Bonjour Martin Le Gall & Steve Petit, merci de nous accorder une interview. Martin, tout d’abord, j’aimerai savoir quelle est ta relation avec la musique metal, et notamment la frange black metal ? Est-ce que c’est quelque chose que tu écoutes régulièrement ?
Martin : Alors pas du tout (rires). Pas du tout mais de plus en plus !
Martin, comment t’es venue l’idée de faire une comédie qui parle de black métal ?
Martin : L’idée de base du film, en fait, ça m’est venu d’une affiche sur l’Eurostar qui était une parodie de pochette d’album des rockstars anglaises. Dedans, il y avait une pochette d’album des Beatles faite avec des sosies complétement ratés. Ça m’avait fait super marrer et j’avais imaginé que c’était un groupe de metal en cavale qui avait dû se couper les cheveux pour échapper aux flics. Du coup, comme il y a eu dès le départ ce grand écart entre la pop et le metal et qu’on avait vraiment envie de faire un film de copains, plein d'empathie, qui nous touche par ce qui leur arrive, on s’est dit qu’il ne fallait absolument pas que l’on soit dans la caricature et qu’il fallait que l’on soit le plus précis et le plus documenté possible sur l’univers métal. Après, en creusant un peu l’histoire, parce que moi je ne m’y connaissais pas beaucoup, j’ai découvert qu’il y avait une multitude de genres de metal différents et on a opté pour le black parce qu’on trouvait que le style de musique et la scénographie qu’il y a autour pouvait être le plus fort et générer plus de comédie, en décalage avec la pop. C’est à la fois pour le coté visuel, et aussi musicalement parce que dans le black il y a cette volonté de créer le climat le plus noir, le plus malsain possible. Il y a plus cette recherche de climat musical, au détriment de la mélodie, à mon sens à l’inverse de la pop où on recherche la mélodie la plus pure, que l’on peut retenir immédiatement.
Pourquoi avoir choisi Julien Doré en rôle principal, lui qui navigue habituellement dans un registre musical très différent du black metal ?
Martin : Je trouvais justement que c’était savoureux comme proposition d’affiche, même si je ne me suis pas dit « ça va faire un coup marketing de ouf, on va prendre un chanteur à minette qu’on va mettre en black metalleux ». On cherchait avant tout le comédien le mieux placé pour incarner le personnage et ce qui me plaisait chez Julien, c’est qu’il y avait un lien avec la musique. Pas dans le métal certes, mais Julien dans ses interviews, il parle constamment du fait que le film lui ai rappelé les débuts avec son groupe de garage où ils tournaient dans les bars pourris. Je pense que Pop Redemption n’est pas un film sur le metal à proprement parler, mais sur la musique en général. Je pense que l’histoire fonctionnerait aussi avec un groupe de samba ou de reggae.

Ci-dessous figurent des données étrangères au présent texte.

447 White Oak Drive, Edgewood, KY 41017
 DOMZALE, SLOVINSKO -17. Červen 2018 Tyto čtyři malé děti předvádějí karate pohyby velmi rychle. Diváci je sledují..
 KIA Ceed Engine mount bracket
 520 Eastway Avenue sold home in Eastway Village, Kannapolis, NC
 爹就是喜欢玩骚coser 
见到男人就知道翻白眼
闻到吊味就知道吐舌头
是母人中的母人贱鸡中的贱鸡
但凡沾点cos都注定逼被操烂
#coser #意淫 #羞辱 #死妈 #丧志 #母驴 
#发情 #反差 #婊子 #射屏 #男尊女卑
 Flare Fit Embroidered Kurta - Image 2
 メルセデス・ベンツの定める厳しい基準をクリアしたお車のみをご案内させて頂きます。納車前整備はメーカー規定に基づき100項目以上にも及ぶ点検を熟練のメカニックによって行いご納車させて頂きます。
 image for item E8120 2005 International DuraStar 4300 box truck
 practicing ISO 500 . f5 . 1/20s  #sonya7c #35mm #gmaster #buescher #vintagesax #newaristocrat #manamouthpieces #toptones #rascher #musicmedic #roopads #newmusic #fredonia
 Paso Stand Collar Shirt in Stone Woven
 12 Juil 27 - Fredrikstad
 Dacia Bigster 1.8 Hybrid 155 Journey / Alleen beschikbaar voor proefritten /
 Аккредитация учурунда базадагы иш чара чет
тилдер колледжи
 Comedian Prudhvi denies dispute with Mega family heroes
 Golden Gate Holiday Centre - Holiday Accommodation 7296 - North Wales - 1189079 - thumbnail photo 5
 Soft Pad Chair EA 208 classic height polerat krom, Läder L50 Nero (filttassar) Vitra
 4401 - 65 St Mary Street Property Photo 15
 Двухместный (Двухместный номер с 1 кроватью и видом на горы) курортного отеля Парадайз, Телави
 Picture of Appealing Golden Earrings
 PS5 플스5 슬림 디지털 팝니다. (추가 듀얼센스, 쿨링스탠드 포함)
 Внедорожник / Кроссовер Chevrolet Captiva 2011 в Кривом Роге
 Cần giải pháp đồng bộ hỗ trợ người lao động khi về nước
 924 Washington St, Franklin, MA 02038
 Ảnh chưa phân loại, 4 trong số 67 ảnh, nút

Justement, le fait d’utiliser le black metal et le folklore qui lui est associé, y avait-il un message en trame de fond, comme une incitation à découvrir cette musique, à outrepasser les préjugés, ou le choix de cette musique n’est qu’un moyen d’amener certains gags ?
Martin : Non non, de toute façon le film n’a pas vocation à être une comédie à vannes. C’est plus une comédie de situation à l’anglo-saxonne. On est dans un truc à la Blues Brothers ou à la Full Monty. Ce n’est pas un Very Bad TripRadio Star. Après, effectivement, la thématique, de manière très modeste, que l’on essaye de proposer dans le film, c’est une invitation à l’ouverture musicale. C’est véhiculer le message comme quoi on a beaucoup à apprendre de la musique des autres et à ne pas rester enfermé dans des clichés.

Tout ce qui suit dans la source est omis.